Aller se faire lanlaire est bien plus qu’une simple invitation au départ. C’est une mise à l’écart qui fait sourire, un renvoi en douceur dans les cordes du néant, un « dégage » qui danse la polka.
Si aller se faire lanlaire donne l’impression d’un verbe manquant – lanlaire ne se conjuguant nulle part, pas même au passé simple des temps révolus –, c’est que cette expression est née d’un refrain fredonné à la cantonade.
Ce lanlaire est une pure onomatopée, une ritournelle de chanson populaire, un écho moqueur qu’on adresse à celui dont on ne veut plus entendre parler. L’origine précise reste floue, mais l’usage fait consensus : on envoie promener sans ménagement, mais sans agressivité non plus. Le lanlaire adoucit l’exil, il y ajoute un petit pas de danse moqueur, une désinvolture qui dit « va-t’en » avec un accent de titi des faubourgs.
C’est là tout le génie de cette expression : elle n’humilie pas. Elle classe sans brutalité, elle congédie sans gifler.

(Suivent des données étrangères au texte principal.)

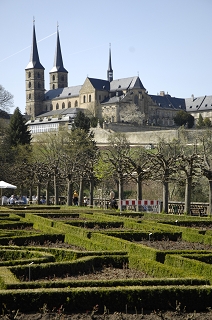 Bamberg Blick vom Schloss zur Kirche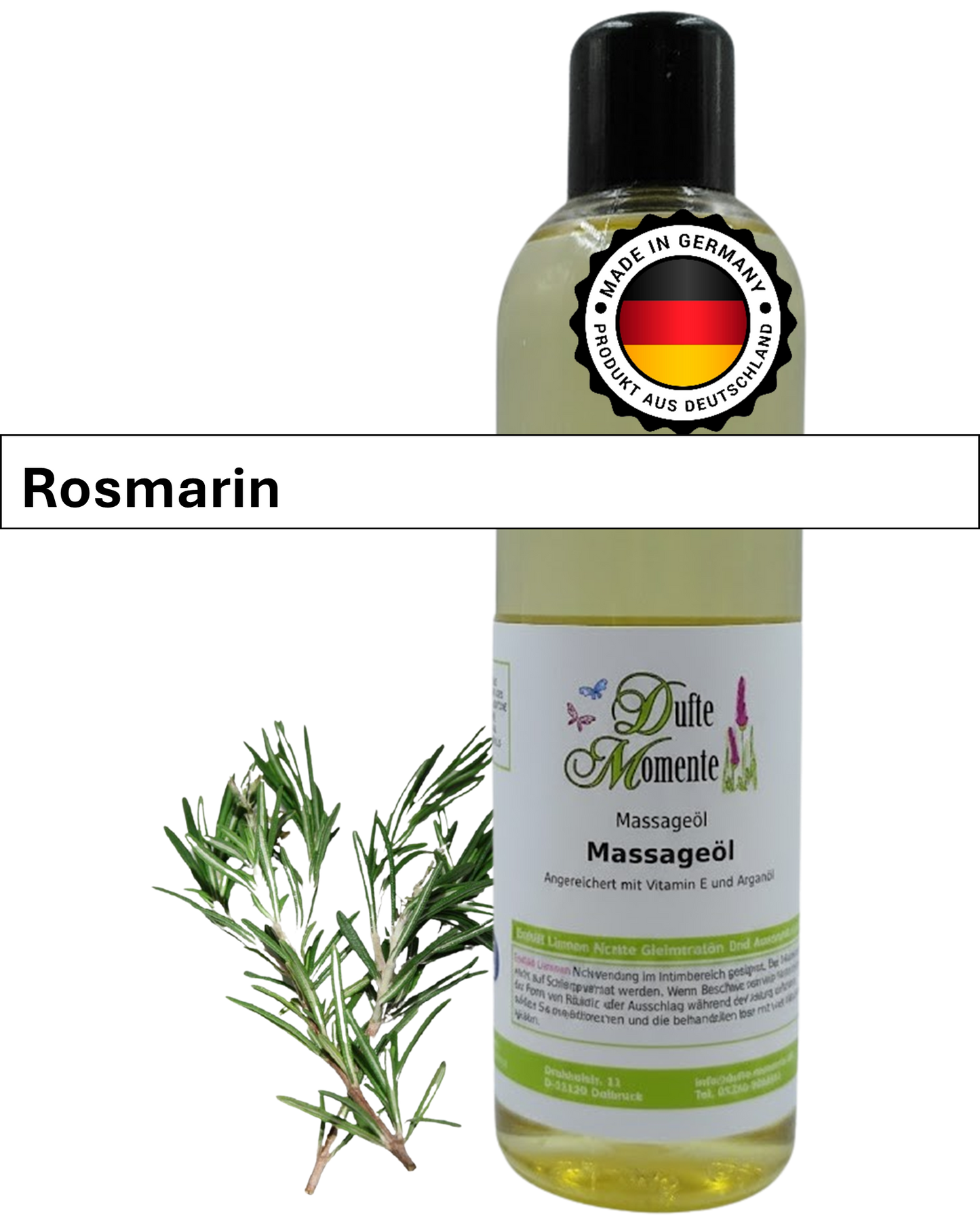 Massageöl 250ml Flasche mit Duftbanner Rosmarin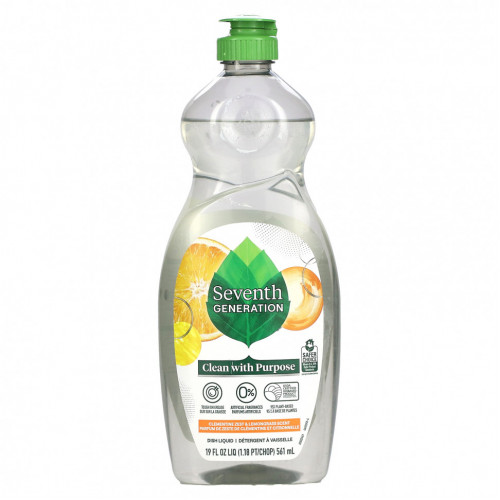 Seventh Generation, Dish Liquid, цедра клементина и лемонграсс, 561 мл (19 жидк. Унций)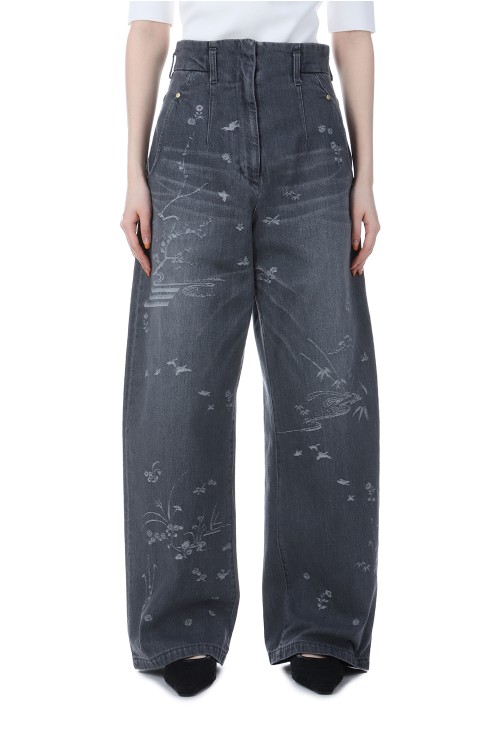 【Mame Kurogouchi】Nature Pattern Jacquard Wide Leg Jeans Mame Kurogouchi（マメ クロゴウチ）Nature Pattern Jacquard
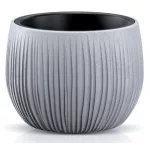 Műanyag virágcserép, Prosperplast Beton Bowl, szürke, átmérő: 18 cm, magasság: 14 cm, bordázott, betonhatású, kerek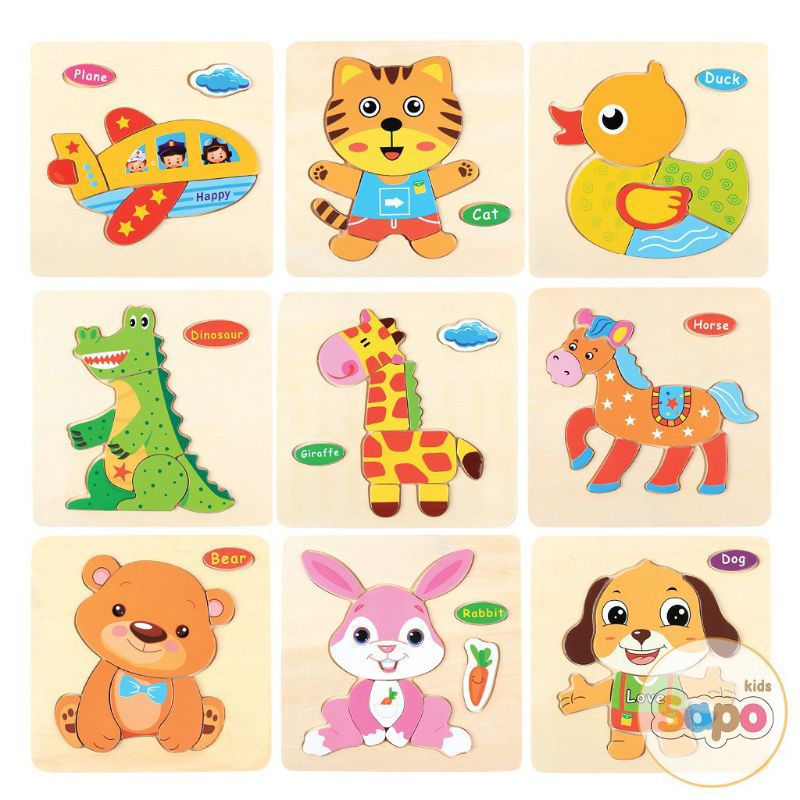 tranh gỗ 3D in nổi hình con vật cho bé học tiếng anh_ tranh ghép hình 12 mảnh ghép | BigBuy360 - bigbuy360.vn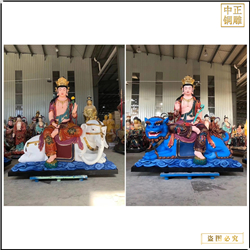 彩繪文殊普賢銅像 彩繪文殊普賢銅像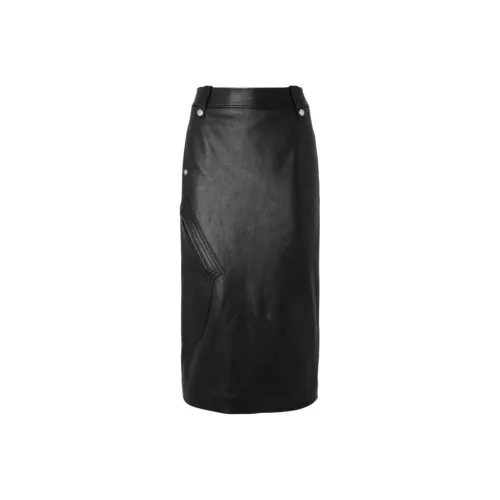 Alexander McQueen Черные Женские Кожаные Длинные Юбки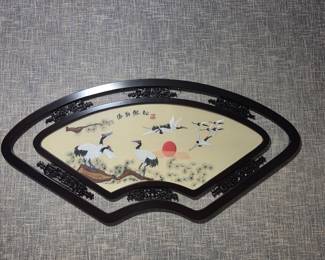 Cranes and Pine Fan Shaped Wall Art $25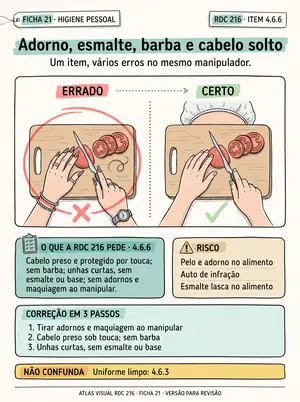 Ficha 21: aliança, relógio, unha pintada, cabelo fora da touca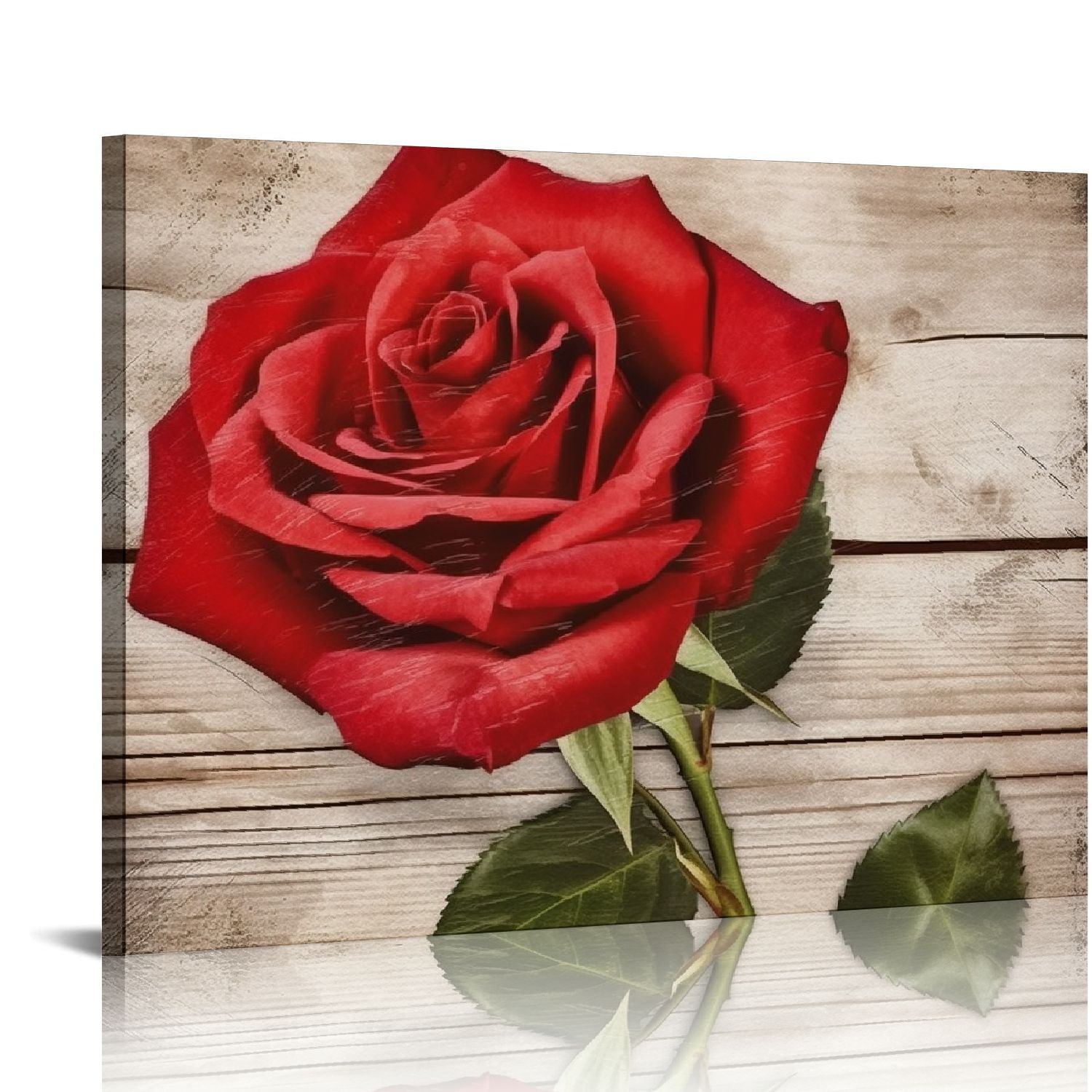 Nawypu Red Rose With Wood Grain Wall Art Flower Picture Canvas Posters Print Modern Floral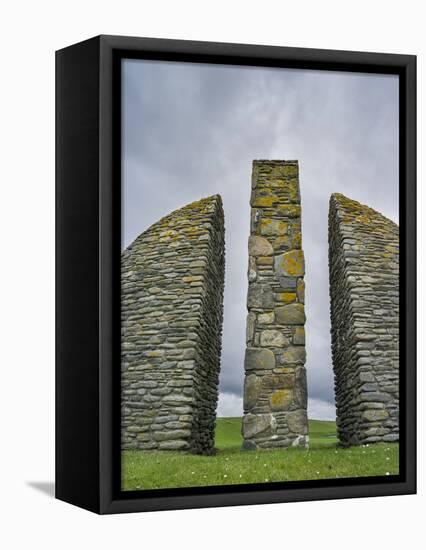 Land Raiders Monument Near Coll and Gress, Isle of Lewis, Scotland-Martin Zwick-Framed Premier Image Canvas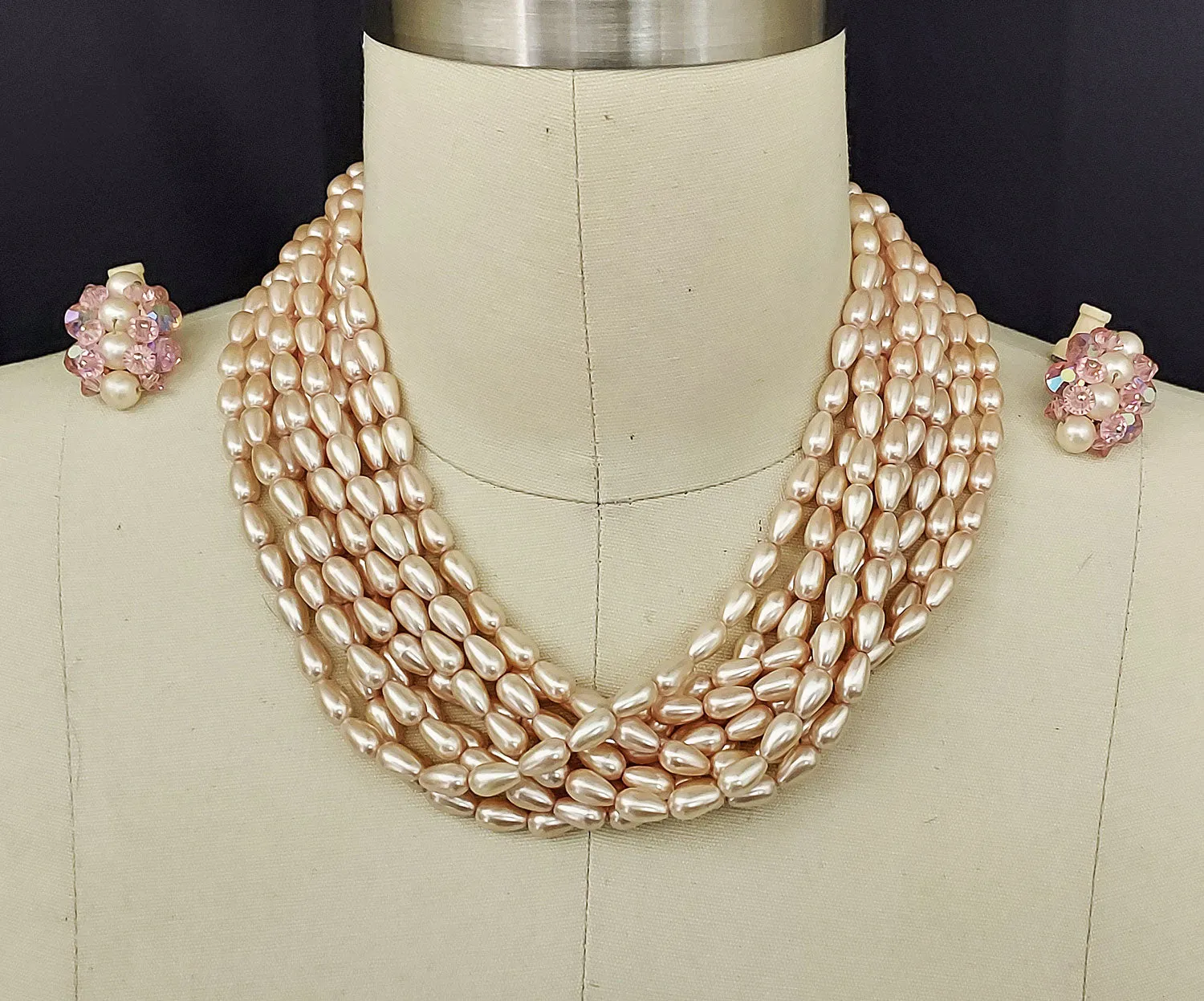 VINTAGE '80S DESIGNER CAROLEE BABY PINK 6 STRAND LAYERED FAUX PEARL NECKLACE PAIRED WITH SPARKLING BEADS & PEARL EARRINGS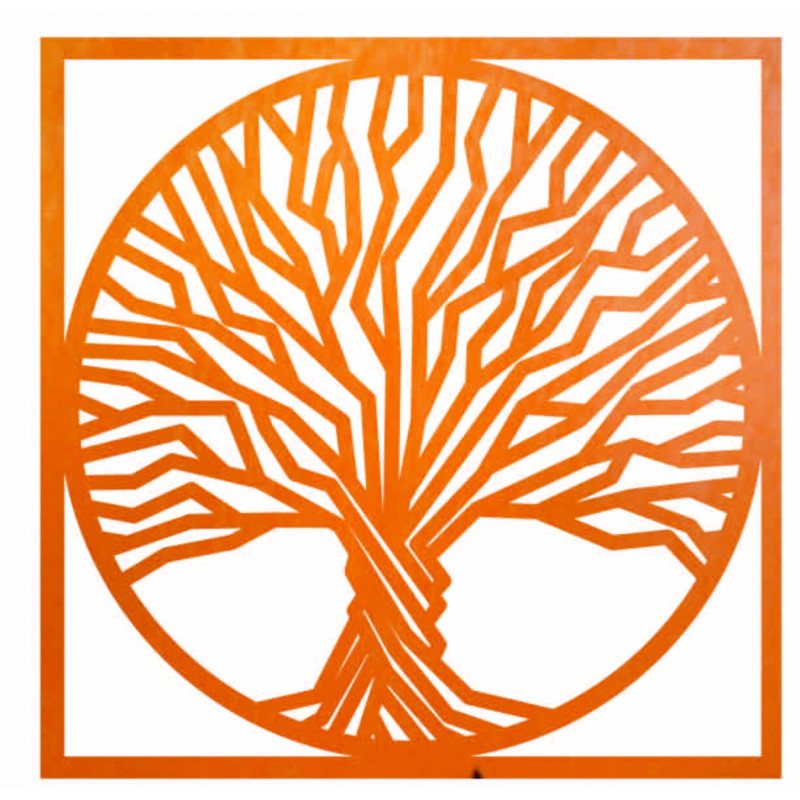 Wooden wall painting tree in a frame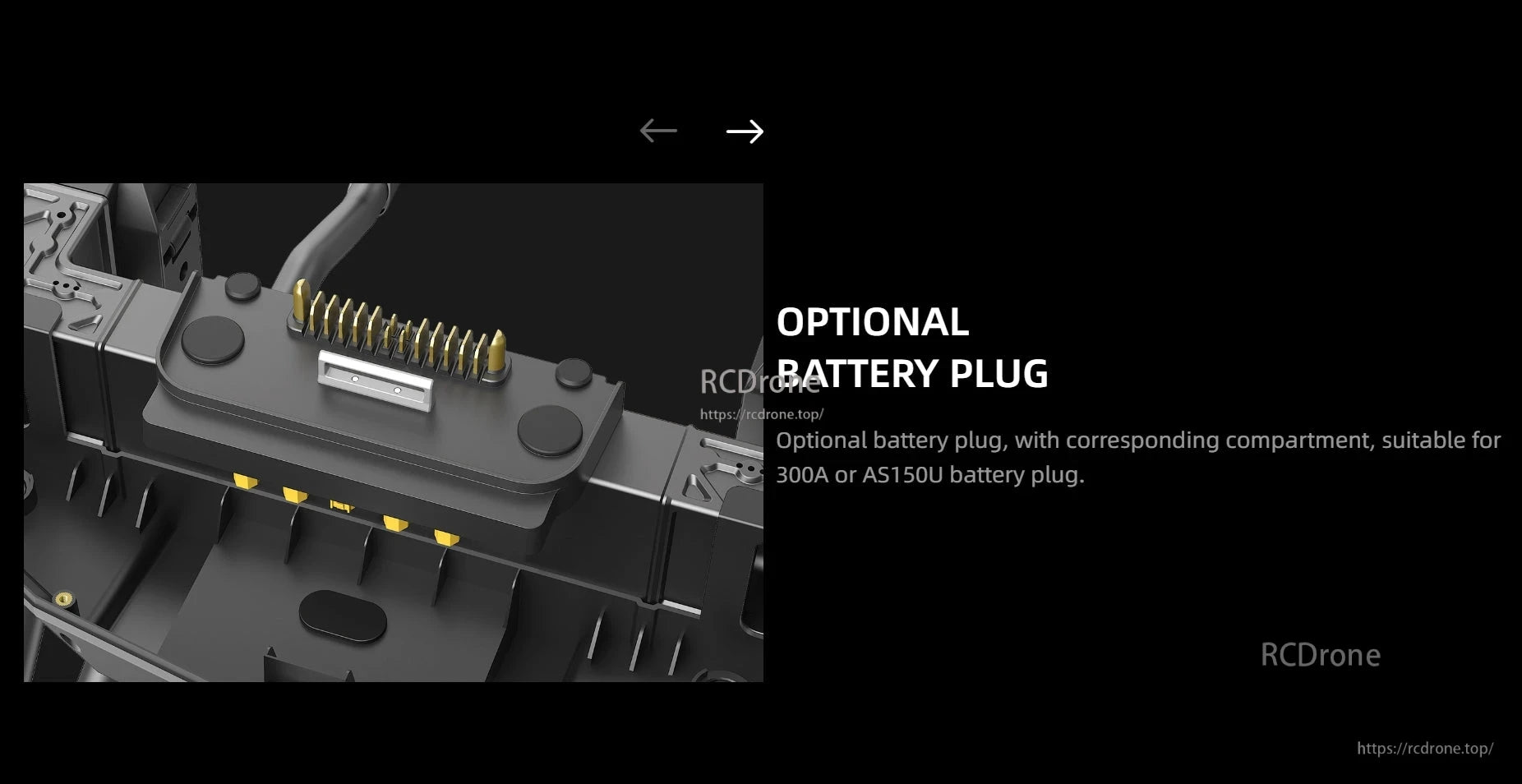 EFT G18 20L Agriculture Drone, Optional battery plug for 300A or AS150U, fits EFT G18 drone.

Un moyen idéal d’indiquer qu’on ne souhaite plus la présence d’un importun sans pour autant salir son propre langage.
L’âge d’or de l’expulsion chantante
L’apogée d’aller se faire lanlaire se situe sans conteste au tournant du XIXᵉ et du XXᵉ siècle, époque où le bon mot fait foi et où l’impertinence s’orne encore d’un sourire. On l’entend dans les cafés-concerts, dans les ruelles où traînent les gouapes et les marlous, dans les vaudevilles où le mari trompé découvre trop tard qu’il n’était qu’un accessoire de l’intrigue.
« Eh bien, mon cher, vous pouvez aller vous faire lanlaire ! » lance l’amant cynique au mari éconduit qui se débat encore avec son chapeau claque. On imagine aussi la cocotte mondaine, plume au chapeau et moue moqueuse, congédiant un prétendant trop insistant d’un « Allons, mon chou, va donc te faire lanlaire ! » tandis qu’elle jette un regard appuyé à un pigeon plus fortuné.
Hélas, la modernité ne prend plus le temps de congédier en musique. Aujourd’hui on coupe court, on bloque, on ghost ! L’impolitesse s’est faite sournoise et le lanlaire a disparu dans les brumes de l’indifférence numérique.
À quoi bon aller se faire lanlaire quand un simple « vu » sans réponse à un message de service court¹ suffit à faire comprendre qu’on n’existe plus ?
Dire à quelqu’un d’aller se faire voir avait rarement eu autant de panache. Alors, en hommage : cher moderne, allez donc vous faire lanlaire.